|You can buy this math menu at Teachersparadise.com a great center for money adding that is naturally very differentiated...high kids will choose challenging amounts....low kids will add up easy combinations...|
I give lots of choices in my classroom. They get their choice of from several options depending on if it is spelling menu of 21 options to do at night, 6 reading centers to choose from all week, writing prompts, book reports, or math games. So they always have some sort of choice, and there is always a harder and an easier option. That is the key to differentiate without having to make 3 separate lessons for everything you do. Game choice is easy. If you teach a new game a week in math that is a good start. By the end of a unit they have learned 2 or 3 games on that topic. And they can choose which one to play. I keep the adding and subtracting games out all year and just add to the pile using gallon baggies layered easy (in front) to hard (in back).
And don't forget about your classroom computers as differentiation tools. They are a cool center for kids to use. There are many online and cd games kids can play in math.
|You can get this book of Math projects and games at Scholastic|
|These handpanited lima bean counters idea is from Little Giraffes.com a fabulous website for ideas!!!|
Then we teach the regular lesson to everyone. Those who were in The high group do the regular seatwork assignment and I meet with them first, in a small group, to give them either a more challenging optional assignment or some challenge games to do with partners or in groups. I meet with this group once a week after the regular math directed lesson. And hopefully the math challenge assignments and games will last the week in interest level. Very occasionally I gave them a higher grade level "packet". This was not the norm though, but sometimes I stooped to a packet.
The medium group does the regular math seatwork after lessons and then goes to math centers. All the math centers can have differentiation in them built right in. Some medium kids will learn the games from the high kids and play their games too. An example of centers in measurement might be rulers and a tote tray full of measure worms, and some paper with 1 to 12 listed for answers. Kids could measure in centimeters and inches or choose one or the other. Another center could be using tape measures to measure each others elbows to fingers, head circumference, feet and body length. The cut outs could be gingerbread men they write the answers on the body part they measured.
The low group I meet with daily right after the regular lesson and kids have started independent seatwork. They meet at a table with me in groups of 3. As soon as we see they are doing it well on their own they go back to do work independently. Then we have a little time to call a few of the medium kids a day to work and reteach if necessary to be sure each is "getting it".

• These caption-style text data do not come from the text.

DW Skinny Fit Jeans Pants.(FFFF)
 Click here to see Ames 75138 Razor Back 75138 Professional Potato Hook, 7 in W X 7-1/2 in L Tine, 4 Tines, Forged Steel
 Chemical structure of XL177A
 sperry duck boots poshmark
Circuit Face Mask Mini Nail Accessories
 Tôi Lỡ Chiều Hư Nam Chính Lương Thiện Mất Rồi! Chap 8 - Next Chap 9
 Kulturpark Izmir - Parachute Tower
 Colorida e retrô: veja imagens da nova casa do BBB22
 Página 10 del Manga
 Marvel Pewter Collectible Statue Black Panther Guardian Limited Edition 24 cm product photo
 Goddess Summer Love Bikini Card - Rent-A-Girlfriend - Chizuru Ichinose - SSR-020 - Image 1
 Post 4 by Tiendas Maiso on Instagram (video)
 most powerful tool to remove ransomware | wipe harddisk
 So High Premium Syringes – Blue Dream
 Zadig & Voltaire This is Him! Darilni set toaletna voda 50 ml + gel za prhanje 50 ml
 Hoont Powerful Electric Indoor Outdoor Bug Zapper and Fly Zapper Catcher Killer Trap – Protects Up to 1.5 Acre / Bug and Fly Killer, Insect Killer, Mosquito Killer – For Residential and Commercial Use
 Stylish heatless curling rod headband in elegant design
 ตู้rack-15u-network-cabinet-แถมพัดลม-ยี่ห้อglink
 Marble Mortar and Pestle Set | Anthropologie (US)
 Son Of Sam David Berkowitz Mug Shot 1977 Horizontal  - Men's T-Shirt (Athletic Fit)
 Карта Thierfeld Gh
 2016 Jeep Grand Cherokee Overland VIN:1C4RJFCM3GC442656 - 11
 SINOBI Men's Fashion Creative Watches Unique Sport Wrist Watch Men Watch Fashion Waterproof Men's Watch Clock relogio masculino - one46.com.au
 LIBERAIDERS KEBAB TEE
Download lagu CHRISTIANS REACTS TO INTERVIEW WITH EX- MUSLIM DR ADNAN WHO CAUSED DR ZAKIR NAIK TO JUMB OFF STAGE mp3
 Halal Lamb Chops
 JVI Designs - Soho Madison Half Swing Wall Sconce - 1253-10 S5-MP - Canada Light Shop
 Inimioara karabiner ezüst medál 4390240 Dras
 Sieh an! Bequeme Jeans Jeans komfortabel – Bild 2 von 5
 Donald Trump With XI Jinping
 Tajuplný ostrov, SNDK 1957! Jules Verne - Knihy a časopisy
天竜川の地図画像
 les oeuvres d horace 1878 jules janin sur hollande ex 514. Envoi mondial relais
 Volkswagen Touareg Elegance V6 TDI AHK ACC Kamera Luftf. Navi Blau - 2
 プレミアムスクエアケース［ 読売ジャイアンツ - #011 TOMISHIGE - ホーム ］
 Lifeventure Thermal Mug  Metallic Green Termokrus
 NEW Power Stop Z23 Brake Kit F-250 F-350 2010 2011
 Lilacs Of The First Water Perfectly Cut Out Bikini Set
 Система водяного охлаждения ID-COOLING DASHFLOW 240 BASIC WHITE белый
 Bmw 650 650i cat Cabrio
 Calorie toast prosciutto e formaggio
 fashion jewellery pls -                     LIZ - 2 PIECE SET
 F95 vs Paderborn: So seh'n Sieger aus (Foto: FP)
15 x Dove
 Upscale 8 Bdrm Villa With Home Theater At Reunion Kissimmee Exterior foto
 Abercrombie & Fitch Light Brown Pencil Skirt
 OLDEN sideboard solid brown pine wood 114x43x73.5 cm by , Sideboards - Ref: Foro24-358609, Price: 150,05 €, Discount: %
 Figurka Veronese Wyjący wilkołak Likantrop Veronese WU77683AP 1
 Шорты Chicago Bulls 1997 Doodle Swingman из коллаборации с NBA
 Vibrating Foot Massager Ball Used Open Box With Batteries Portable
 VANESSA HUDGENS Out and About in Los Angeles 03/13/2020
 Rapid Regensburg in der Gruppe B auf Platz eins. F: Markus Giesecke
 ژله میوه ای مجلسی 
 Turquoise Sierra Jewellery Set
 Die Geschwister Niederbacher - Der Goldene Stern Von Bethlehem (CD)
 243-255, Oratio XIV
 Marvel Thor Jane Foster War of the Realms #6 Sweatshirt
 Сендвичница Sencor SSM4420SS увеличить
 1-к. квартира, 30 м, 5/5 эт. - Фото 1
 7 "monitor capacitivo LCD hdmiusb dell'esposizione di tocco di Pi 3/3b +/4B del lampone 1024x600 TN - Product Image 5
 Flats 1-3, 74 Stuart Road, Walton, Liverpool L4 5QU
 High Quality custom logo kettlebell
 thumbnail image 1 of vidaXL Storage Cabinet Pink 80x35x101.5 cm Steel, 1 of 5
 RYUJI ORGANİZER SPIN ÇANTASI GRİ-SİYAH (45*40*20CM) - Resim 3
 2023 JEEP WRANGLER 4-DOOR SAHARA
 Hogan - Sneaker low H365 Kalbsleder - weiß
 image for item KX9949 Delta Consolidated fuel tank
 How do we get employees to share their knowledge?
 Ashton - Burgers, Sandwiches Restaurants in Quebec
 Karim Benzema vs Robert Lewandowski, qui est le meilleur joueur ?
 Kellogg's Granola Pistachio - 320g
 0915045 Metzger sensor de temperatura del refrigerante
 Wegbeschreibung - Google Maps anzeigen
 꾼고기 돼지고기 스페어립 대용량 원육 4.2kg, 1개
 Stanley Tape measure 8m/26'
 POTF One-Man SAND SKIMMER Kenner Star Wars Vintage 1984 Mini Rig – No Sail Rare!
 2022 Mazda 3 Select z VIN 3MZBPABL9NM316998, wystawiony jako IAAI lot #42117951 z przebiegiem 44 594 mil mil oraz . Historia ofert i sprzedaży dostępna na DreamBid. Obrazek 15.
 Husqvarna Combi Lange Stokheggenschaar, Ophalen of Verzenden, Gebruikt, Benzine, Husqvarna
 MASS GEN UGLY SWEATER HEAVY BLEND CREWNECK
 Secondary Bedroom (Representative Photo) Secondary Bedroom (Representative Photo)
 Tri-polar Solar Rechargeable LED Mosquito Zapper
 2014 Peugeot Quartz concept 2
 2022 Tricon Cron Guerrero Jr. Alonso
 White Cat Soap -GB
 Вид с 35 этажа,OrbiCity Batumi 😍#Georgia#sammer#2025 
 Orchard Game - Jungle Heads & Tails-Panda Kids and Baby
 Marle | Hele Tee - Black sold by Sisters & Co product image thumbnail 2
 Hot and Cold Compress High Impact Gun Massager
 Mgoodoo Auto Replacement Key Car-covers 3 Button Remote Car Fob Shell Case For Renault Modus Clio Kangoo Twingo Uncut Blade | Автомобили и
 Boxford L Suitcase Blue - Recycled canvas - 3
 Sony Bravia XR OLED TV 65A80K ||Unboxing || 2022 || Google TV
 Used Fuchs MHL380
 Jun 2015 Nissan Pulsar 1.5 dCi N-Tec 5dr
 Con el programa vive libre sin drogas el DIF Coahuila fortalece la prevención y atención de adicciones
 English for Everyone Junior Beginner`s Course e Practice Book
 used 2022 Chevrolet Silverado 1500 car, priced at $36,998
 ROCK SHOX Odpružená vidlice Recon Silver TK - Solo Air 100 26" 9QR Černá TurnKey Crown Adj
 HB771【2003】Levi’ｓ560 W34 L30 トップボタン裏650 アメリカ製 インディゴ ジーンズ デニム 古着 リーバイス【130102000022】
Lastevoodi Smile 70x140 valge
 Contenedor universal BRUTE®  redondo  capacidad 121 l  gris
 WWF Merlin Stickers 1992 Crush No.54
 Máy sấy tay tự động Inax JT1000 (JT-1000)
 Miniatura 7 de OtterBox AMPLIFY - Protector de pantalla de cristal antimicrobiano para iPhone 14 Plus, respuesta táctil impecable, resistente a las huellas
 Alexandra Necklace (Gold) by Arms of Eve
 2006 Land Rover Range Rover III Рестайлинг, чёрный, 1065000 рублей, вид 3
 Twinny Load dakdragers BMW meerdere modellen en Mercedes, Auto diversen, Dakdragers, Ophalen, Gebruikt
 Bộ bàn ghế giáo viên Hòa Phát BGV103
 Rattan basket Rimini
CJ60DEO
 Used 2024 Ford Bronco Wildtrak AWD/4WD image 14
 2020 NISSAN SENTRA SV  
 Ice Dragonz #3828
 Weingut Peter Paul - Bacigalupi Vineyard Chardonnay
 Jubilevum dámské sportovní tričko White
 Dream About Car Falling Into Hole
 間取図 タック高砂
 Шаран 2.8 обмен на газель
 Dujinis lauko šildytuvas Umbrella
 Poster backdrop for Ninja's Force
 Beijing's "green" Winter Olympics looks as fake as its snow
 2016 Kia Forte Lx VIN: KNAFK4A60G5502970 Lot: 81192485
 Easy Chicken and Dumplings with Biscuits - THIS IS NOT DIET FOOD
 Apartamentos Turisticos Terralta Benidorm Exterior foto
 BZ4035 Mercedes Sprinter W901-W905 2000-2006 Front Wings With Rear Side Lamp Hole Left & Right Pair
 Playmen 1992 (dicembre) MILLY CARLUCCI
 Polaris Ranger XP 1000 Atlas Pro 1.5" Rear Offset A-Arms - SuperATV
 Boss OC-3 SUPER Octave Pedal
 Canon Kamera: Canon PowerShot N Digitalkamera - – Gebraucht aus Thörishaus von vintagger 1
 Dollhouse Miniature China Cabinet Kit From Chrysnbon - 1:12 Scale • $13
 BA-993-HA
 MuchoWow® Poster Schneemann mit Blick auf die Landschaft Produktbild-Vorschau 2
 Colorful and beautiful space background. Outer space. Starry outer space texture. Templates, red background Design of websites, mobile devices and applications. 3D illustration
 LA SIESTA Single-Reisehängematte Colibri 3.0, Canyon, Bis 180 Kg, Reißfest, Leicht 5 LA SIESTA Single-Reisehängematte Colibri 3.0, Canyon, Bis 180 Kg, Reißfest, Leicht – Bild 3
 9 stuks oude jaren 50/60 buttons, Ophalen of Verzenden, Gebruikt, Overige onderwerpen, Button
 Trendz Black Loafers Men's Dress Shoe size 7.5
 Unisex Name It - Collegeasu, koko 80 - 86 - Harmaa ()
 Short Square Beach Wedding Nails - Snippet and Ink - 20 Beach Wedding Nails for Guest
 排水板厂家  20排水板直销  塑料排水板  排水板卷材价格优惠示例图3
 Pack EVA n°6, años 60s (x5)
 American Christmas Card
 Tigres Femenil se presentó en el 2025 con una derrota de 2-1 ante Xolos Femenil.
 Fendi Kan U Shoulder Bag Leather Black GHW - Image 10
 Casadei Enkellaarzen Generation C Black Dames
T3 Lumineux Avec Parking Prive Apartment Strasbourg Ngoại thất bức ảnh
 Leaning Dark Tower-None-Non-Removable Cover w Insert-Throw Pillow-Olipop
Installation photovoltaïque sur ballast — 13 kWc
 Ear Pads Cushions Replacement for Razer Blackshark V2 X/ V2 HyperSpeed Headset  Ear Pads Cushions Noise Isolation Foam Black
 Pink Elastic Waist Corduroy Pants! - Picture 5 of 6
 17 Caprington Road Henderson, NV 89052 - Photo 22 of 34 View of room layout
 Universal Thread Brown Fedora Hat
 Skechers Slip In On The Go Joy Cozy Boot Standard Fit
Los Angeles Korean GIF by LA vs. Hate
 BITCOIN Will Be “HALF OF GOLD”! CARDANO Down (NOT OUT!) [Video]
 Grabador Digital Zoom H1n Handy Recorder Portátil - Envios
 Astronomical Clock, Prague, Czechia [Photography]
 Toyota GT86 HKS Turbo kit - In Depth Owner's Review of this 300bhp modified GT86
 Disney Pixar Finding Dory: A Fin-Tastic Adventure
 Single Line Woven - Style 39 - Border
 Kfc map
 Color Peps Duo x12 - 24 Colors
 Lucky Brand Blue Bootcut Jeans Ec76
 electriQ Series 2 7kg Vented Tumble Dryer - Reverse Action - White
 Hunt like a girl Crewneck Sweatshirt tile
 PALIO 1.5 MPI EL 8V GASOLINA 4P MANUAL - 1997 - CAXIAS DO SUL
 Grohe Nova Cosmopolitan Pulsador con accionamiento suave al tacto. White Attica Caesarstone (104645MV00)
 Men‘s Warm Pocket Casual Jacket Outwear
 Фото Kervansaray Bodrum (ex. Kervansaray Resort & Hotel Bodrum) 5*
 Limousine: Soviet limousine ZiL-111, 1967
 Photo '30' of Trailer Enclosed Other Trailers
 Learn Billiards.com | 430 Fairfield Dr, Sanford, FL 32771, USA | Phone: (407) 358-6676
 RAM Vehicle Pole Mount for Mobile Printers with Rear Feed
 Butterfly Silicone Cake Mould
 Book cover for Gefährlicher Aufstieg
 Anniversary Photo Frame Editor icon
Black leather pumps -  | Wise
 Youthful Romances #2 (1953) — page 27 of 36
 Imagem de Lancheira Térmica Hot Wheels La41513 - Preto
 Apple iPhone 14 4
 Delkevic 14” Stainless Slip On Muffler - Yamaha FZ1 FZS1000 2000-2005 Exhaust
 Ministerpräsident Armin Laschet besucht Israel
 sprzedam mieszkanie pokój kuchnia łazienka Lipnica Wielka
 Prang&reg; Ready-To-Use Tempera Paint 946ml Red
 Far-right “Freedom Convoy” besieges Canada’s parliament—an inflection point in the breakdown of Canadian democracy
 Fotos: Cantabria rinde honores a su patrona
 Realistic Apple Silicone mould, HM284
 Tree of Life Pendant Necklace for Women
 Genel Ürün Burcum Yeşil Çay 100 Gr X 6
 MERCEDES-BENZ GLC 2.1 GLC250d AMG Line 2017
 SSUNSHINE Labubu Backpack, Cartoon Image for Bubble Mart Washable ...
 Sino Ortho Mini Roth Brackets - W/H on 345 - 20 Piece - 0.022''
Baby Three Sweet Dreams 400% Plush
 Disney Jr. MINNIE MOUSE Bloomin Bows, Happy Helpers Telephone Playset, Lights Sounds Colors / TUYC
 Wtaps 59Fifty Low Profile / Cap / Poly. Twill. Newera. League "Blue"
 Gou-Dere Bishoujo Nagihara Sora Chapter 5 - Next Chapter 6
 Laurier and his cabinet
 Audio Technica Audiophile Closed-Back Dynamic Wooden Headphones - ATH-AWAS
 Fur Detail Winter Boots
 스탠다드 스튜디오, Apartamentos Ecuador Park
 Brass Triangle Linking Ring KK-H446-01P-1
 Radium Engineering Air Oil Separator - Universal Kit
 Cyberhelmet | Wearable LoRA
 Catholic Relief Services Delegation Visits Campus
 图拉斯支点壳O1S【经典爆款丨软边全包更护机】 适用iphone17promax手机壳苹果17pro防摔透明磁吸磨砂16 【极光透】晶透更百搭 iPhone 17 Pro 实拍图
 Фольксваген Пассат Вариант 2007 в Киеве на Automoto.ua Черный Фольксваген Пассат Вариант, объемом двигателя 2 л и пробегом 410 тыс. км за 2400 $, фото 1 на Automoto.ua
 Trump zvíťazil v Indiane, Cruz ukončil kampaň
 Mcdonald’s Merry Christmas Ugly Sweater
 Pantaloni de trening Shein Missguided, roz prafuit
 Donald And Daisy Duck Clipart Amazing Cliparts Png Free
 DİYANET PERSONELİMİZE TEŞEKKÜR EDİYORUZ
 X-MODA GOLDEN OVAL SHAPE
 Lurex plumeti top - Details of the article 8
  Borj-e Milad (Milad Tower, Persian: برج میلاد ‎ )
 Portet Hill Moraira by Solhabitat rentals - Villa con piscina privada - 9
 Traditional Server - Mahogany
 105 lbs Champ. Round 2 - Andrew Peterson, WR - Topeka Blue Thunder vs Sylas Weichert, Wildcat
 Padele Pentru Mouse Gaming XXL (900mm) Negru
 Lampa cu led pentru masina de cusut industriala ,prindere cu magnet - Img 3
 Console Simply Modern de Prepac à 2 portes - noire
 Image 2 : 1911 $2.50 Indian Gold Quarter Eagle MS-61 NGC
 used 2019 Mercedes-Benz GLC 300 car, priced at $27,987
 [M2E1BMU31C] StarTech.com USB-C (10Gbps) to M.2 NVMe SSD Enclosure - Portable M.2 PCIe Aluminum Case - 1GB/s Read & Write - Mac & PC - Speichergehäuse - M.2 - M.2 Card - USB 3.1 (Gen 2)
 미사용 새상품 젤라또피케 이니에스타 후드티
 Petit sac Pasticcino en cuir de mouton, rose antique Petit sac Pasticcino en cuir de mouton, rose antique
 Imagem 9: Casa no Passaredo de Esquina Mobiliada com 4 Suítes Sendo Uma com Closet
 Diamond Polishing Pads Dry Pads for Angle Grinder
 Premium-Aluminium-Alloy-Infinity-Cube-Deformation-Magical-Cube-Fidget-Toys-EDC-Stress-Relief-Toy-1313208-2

This way you are covering your low kids on a math topic every day, your medium as you can manage meets, and your high you are challenging even if it is only once a week in a meet and with the extra games, problem solvings, or more challenging seatwork. You've met with all 3 groups independently over the course of a week or two. The challenge is being prepared for those high kids with an extra activity once a week. That takes more organization on the teacher's part. But it is highly doable. Sometimes it would be a problem solving from a brain teaser book. Sometimes things like Sodoku, magic squares, a game from the math series I quickly teach that is too high for the mainstream class or a few word problem ideas for them to write and share with the class. Sometimes it would be a file folder game brand new to the class, or I used cards, dominos and dice a lot.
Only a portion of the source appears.